Im trying to make a xhtml file parser with regular expressions. I want it to find tags and store them. for example :
<html>
<head>
<title>example</title>
</head>
<body>
<p>para</p>
<hr />
<p>para2</p>
</body>
</html>
The application should return:
<html>:1
<head>:1
<title>:1
</title>:1
</head>:1
<body>:1
<p>:2
</p>:2
<hr />:1
</body>:1
</html>:1
After I'll make it group together starting and ending tags (<head> ,</head>)
and make it recognize that something isn't a tag if a ! follows the <
(<!-- --> and <!DOCTYPE html...) and to skip between <script> and </script>
since there would be no tags, and there might be confusion with java/vb script > sign and < sign etc. I'll also change it so that it shows only < tagname > and no attributes.

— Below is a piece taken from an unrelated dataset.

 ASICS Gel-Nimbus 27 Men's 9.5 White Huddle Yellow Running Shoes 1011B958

But for now, I just want to get it started. Here is my code so far. I need help where it says so in the comments:
/**
* This class parses xhtml files - 05/22/08
* and returns each unique tag
* type and the quantity of it
* using java.util.regex package.
*/
import java.util.regex.Pattern;
import java.util.regex.Matcher;
public class XCheck1 { // simple driver class to be improved later.

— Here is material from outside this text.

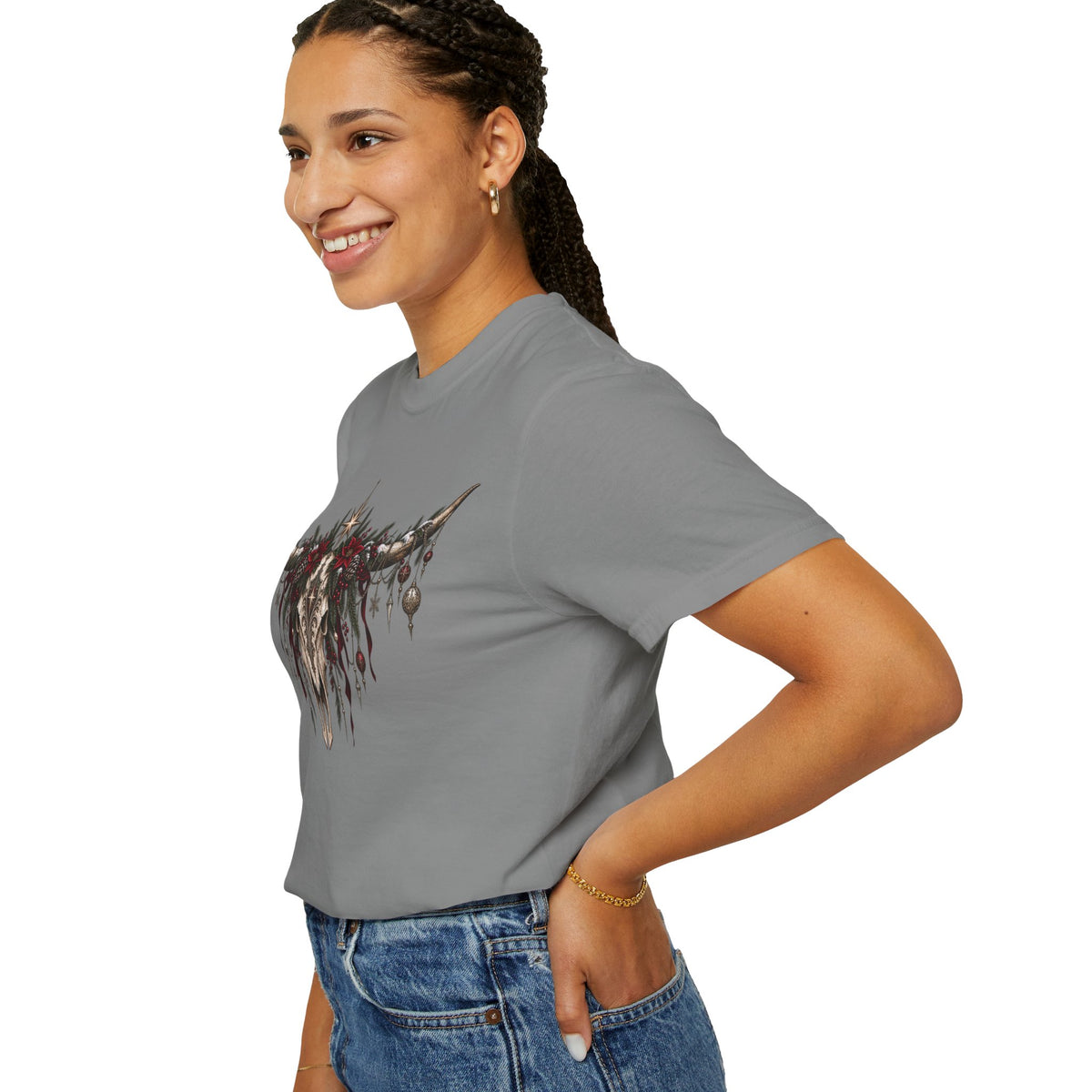 Western Skull Christmas T-Shirt — Boho Longhorn Design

public static void main() {
XC_Model model = new XC_Model();
model.run();
}
}
class XC_Model {
private String[] tags; // array to store the tags
private int[] tagCounts; // each item in tags has the same index item in counts that stores
private String cmatch; // cmatch = current match // ^ how many of that tag there are.

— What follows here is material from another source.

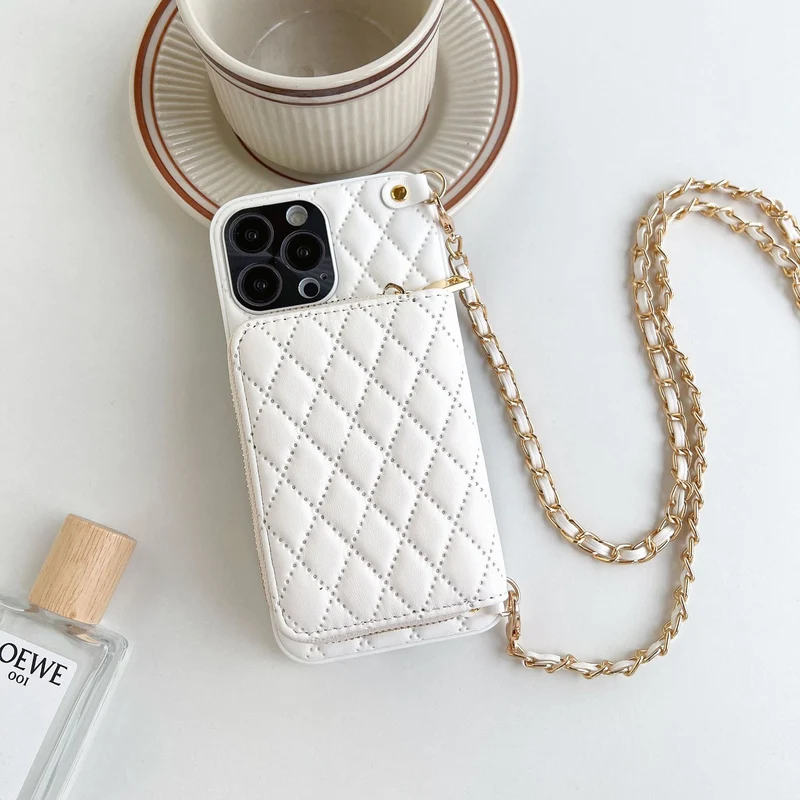 Luxury Rhombus Leather Crossbody Wallet iPhone Case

private boolean found; // if another of the same type of tag is found in the array
private int top;
public XC_Model() { // paramless constructor initializes fields
tags = new String[500]; // I'll deal with more then 500 tags later
tagCounts = new String[500]; // see above^
cmatch = "";
top = 0;
}
public String getData() { // I'll change this after, for now it can parse Strings of "XHTML"
String data = "<p>This is a <em><strong>XHTML</strong></em> paragraph</p><hr />"// tags and random text
return data;
}
public void doScan() { // the method that actually does the parsing
Pattern pattern = Pattern.compile("<.*>"); // This should mean "<".....">"
Matcher matcher = pattern.matcher(getData()); // getData later will get the file
while( /* theres more matches */ ) { // ************ this area is where i need help ********
cmatch = /* The current match */ // i'm not sure how to use regex to match 1 by 1 like this
found = false; // found starts off as false
for( int i = 0; i <= top; i++ ) {
if( cmatch.equals(tags[i]) ) {// if it finds another tag that is the same
tagCounts[i]++; // add 1 to the quantity of that tag
found = true; // found a match is true
i = top + 1; // break off any more looping
}
}
if( found == false ) { //if this is the first encounter with this tag
tags[top] = cmatch; // add it to the array
tagCounts[top] = 1; // 1 of this unique tag so far
top++; // shift up to the next item
}
}
}
public void run() { // later this will have a param for xhtml file
doScan();
for( int j = 0; j < tags.length; j++) {
System.out.println(tags[j] + ": " + tagCounts[j]); // print out the results
}
}
}
please reply i need help with this